**Directions:** Give every entry again, unchanged, and leave its images out.

----- Records for processing

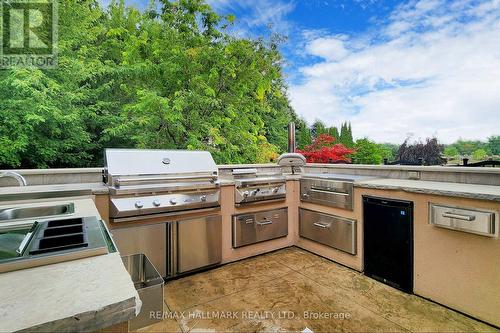 63 Grayfield Drive, Whitchurch-Stouffville, ON - Outdoor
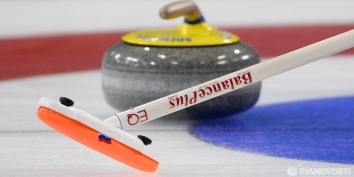 В Кубке России по керлингу женская сборная Краснодарского края завоевала золотые медали.
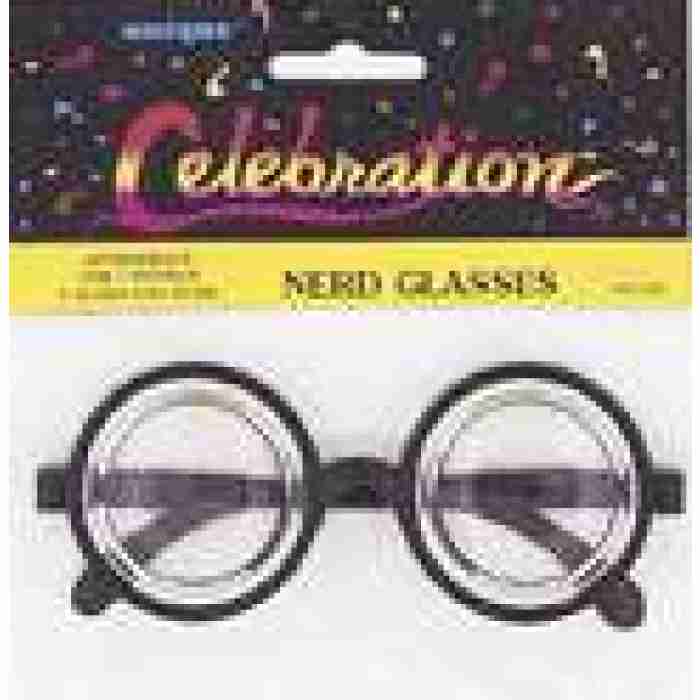 Nerd Glasses 95139pkg img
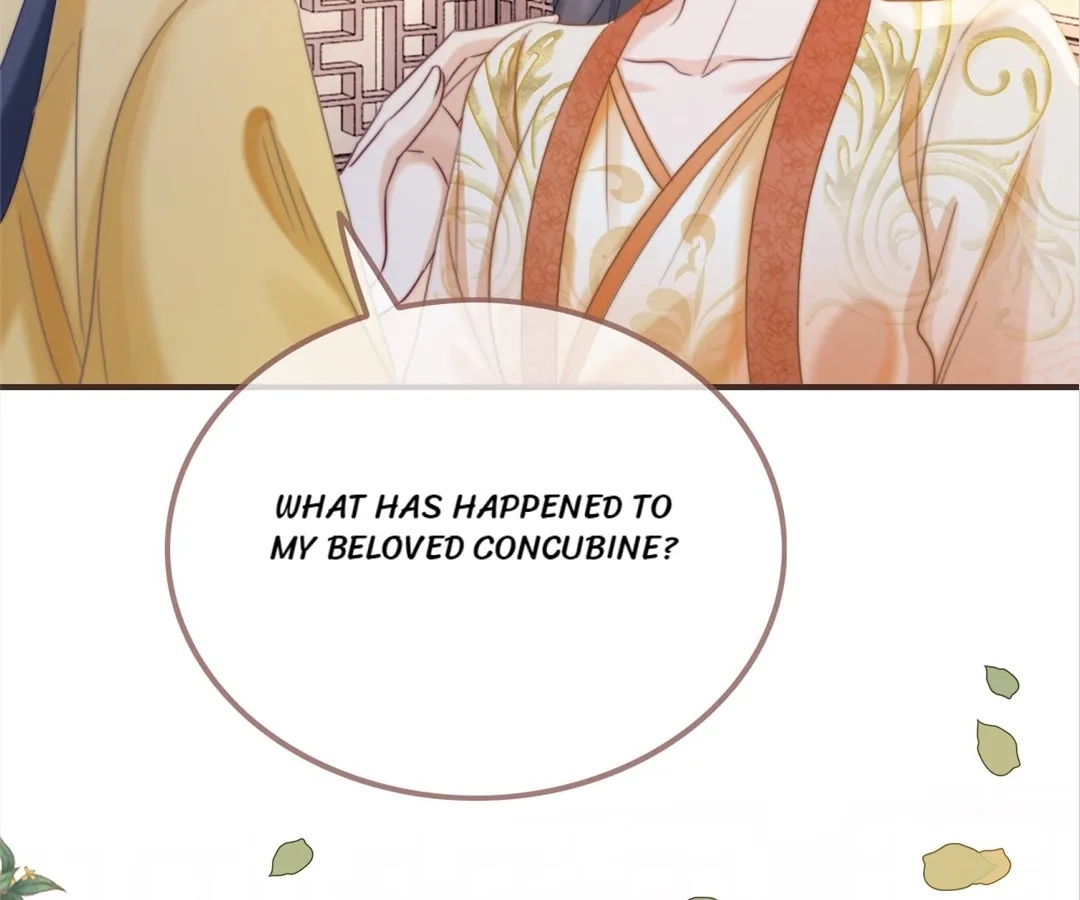Revenge Queen Chapter 120 - page 8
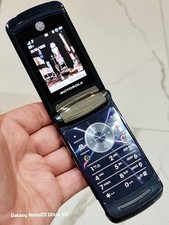 Motorola razr2 flip for sale  MANCHESTER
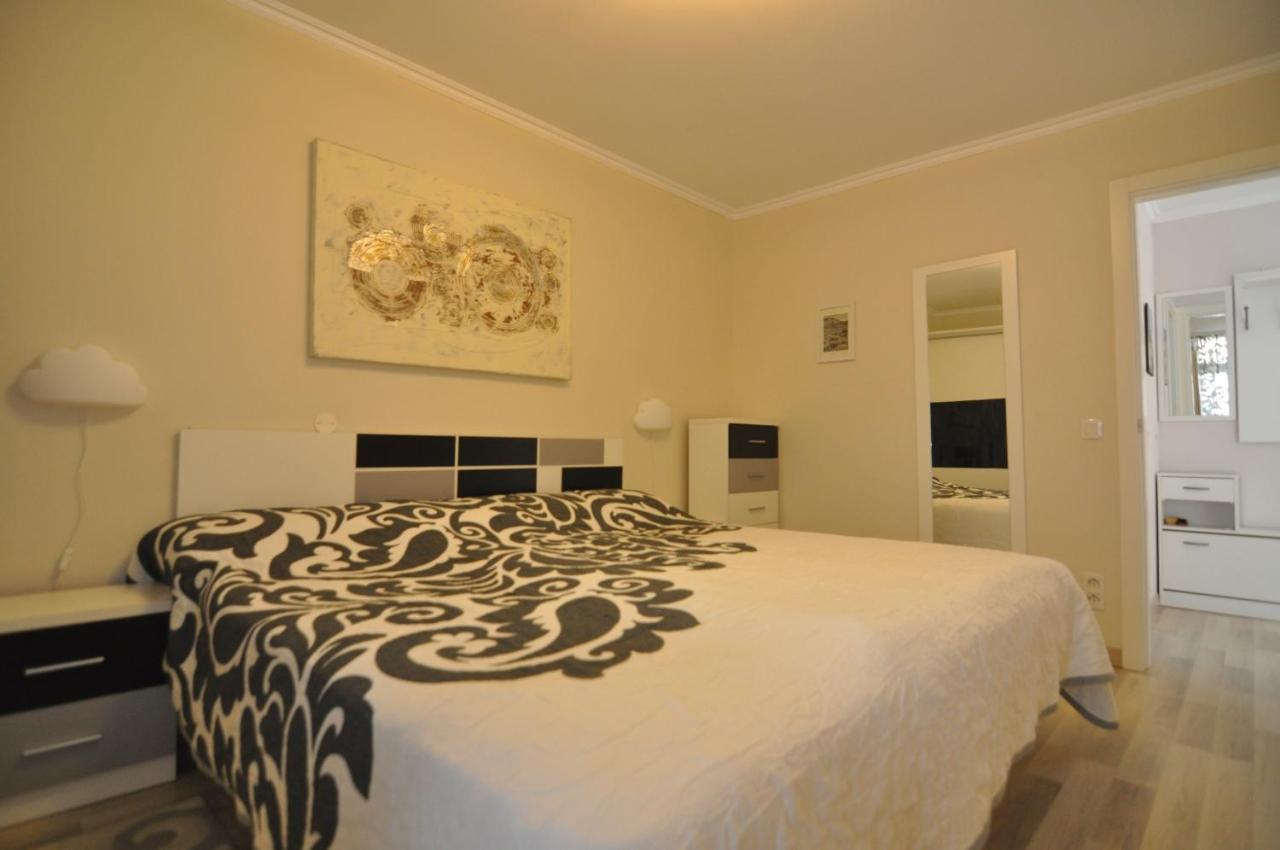 Apartment In Alborada 阿罗纳 外观 照片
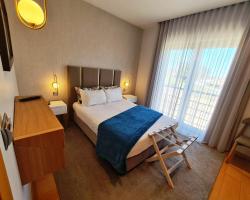 Hotel Albergaria Borges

----------

**Task output:**
 63 Grayfield Drive, Whitchurch-Stouffville, ON - Outdoor
 В Кубке России по керлингу женская сборная Краснодарского края завоевала золотые медали.
 Nerd Glasses 95139pkg img
Revenge Queen Chapter 120 - page 8
 Motorola razr2 flip for sale  MANCHESTER
 Apartment In Alborada 阿罗纳 外观 照片
 Hotel Albergaria Borges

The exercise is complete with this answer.